Hart erarbeitet (K78)

 

Unwirklich wirkt das rote km 55 Schild des K78. Den verschiedenen Läufen des Swissalpine sind Farben zugeordnet. Für jeden Lauf gibt es alle 5 km Kilometerangaben in der jeweiligen Farbe. Für den K78 sind diese rot. Die Angaben beziehen sich aber auf die noch zu laufenden Kilometer, die Zahlen werden also kleiner. Und hier mitten in dieser großartigen Kulisse steht nun also das km 55 Schild.

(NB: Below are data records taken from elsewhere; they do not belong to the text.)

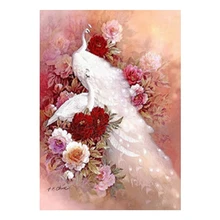 Фото на заказ! Животные Diy картина из искусственных кристаллов белый павлин вышивки крестом декоративный алмаз, вышивка квадратными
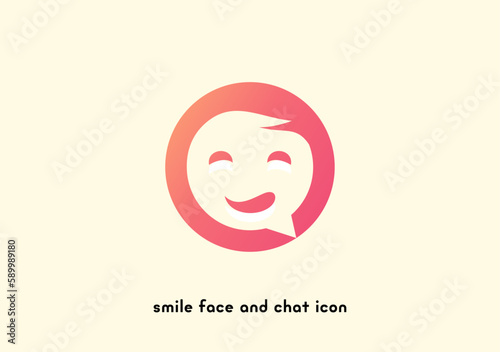 iconic logo smile chat with funny symbol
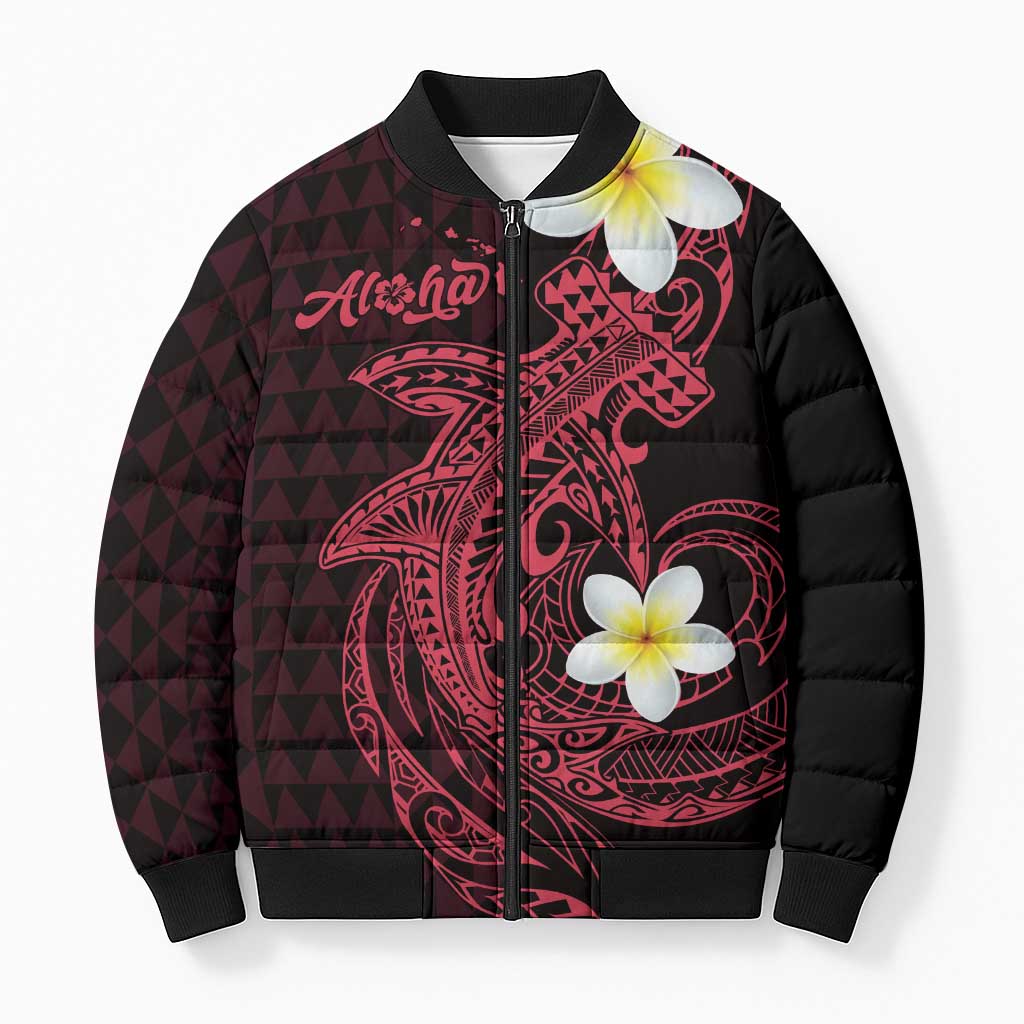 Aloha Hammerhead Shark Bomber Puffer Jacket Feverish Pink Hawaiian Kakau Tribal Tattoo - Polynesian Pride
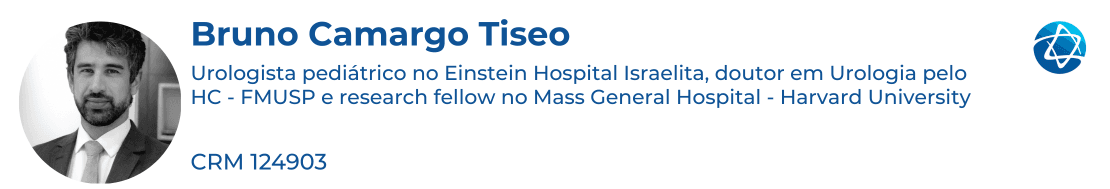 Bruno Camargo Tiseo - Urologista pediátrico no Einstein Hospital Israelita, doutor em Urologia pelo HC - FMUSP e research fellow no Mass General Hospital - Harvard University. CRM: 124.903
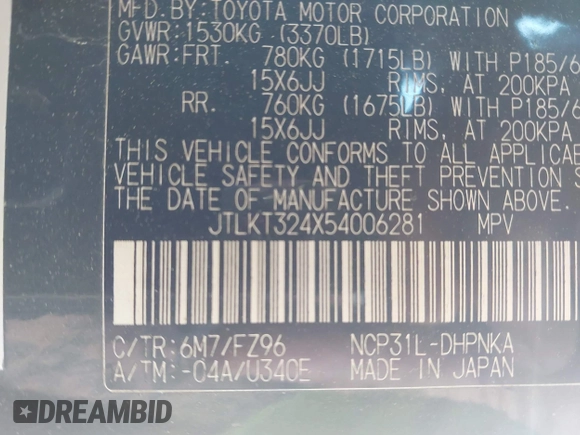 2005 Scion xB with VIN JTLKT324X54006281, listed as a IAAI auction lot 42078832 with 227,783 mi miles and . Bid and sale history available at DreamBid. Image 9.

Etwas weiter ist die Straße von dem typischen weißen Flatterband des Swissalpine Sponsors „Migros“ abgesperrt und wir werden auf einer steinernen Treppe in die Tiefe geleitet. Über eine kleine Brücke überqueren wir das Flüsschen Landwasser und gelangen auf einem Singletrail am gegenüber liegenden Ufer bergauf.

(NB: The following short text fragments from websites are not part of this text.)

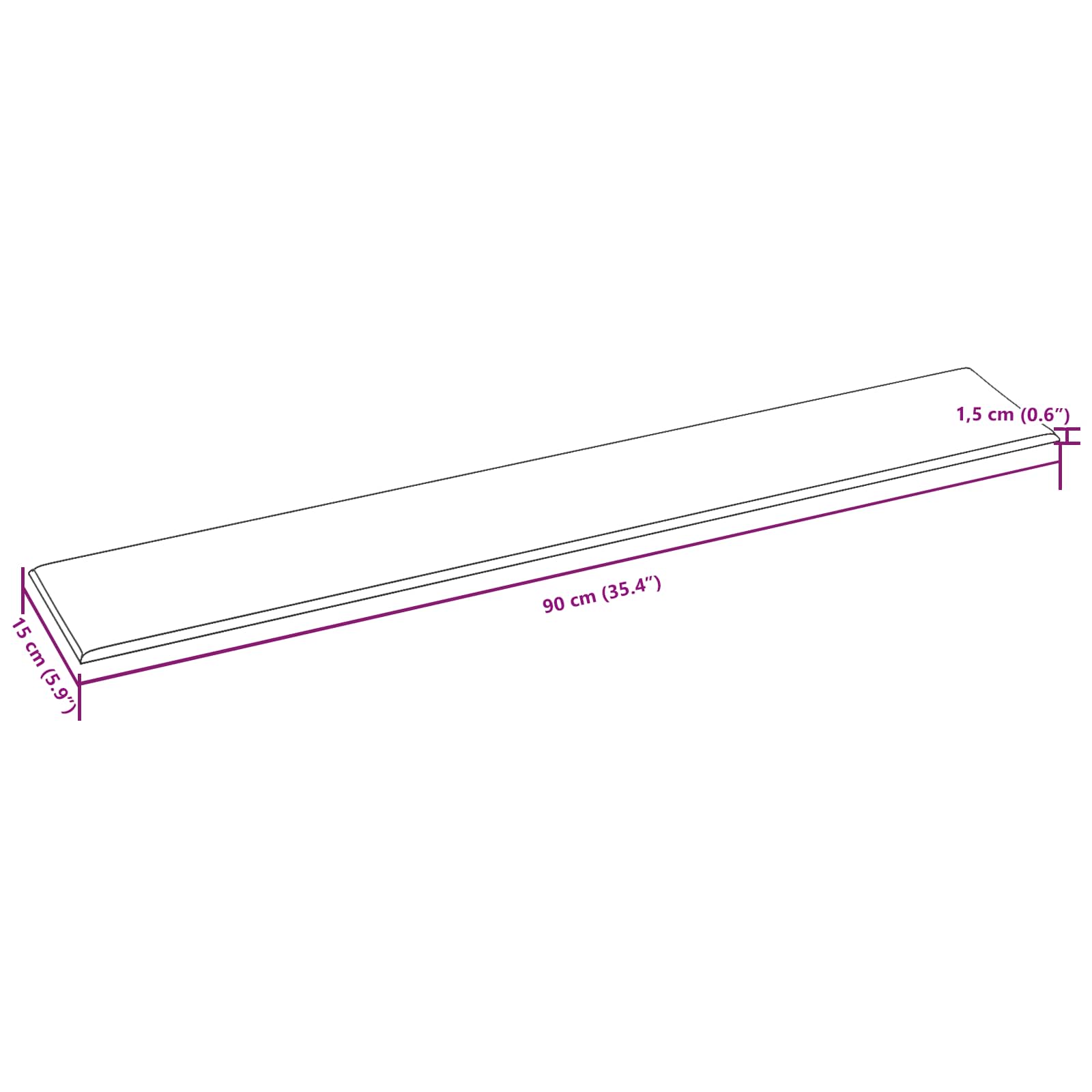 Zidna uzglavlja 12 pcs Plava 90 x 15 cm tkanina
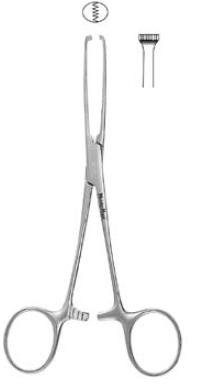 Miltex Tissue Forceps MeisterHand® Allis 10 Inch Length Surgical Grade German Stainless Steel NonSterile Ratchet Lock Finger Ring Handle Straight 5 X 6 Teeth - M-522893-1203 - Each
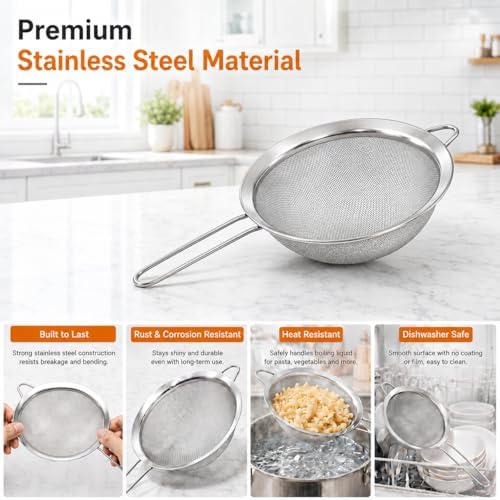 HiramWare Fine Mesh Strainer, Large Stainless Steel Colander with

Immer wieder öffnet sich ein Ausblick auf die gegenüberliegenden Felsen und den sich unter uns ausbreitenden Wald. Trotz der Steigung macht es Spaß in der Gruppe locker den Berg hinauf zulaufen. Es wird wenig gesprochen, denn jeder ist mit sich selbst beschäftigt. Aber eine stille Einigkeit verbindet uns: Schön ist es hier!

Nanu - was ist das? Mitten in meinen Gedanken höre ich Lautsprecheransagen. Zwei Kurven später ist es klar - die Bahnstation von Wiesen bei km 24 liegt unter uns. Jeder Läufer wird angesagt und kann an der Verpflegung verlorene Kalorien auffüllen. Die Müsliriegel lachen mich an. Ob das gut geht? Eigentlich sollte man ja keine Experimente machen. Oh, sind die lecker. Noch je ein Tee, eine Bouillon und ein Iso drauf. Wo geht es weiter? Über die Gleise; aber die Schranke ist zu! Zwei Helfer sichern den Überweg: obwohl der Zug bereits erwartet wird, dürfen wir noch hinüber.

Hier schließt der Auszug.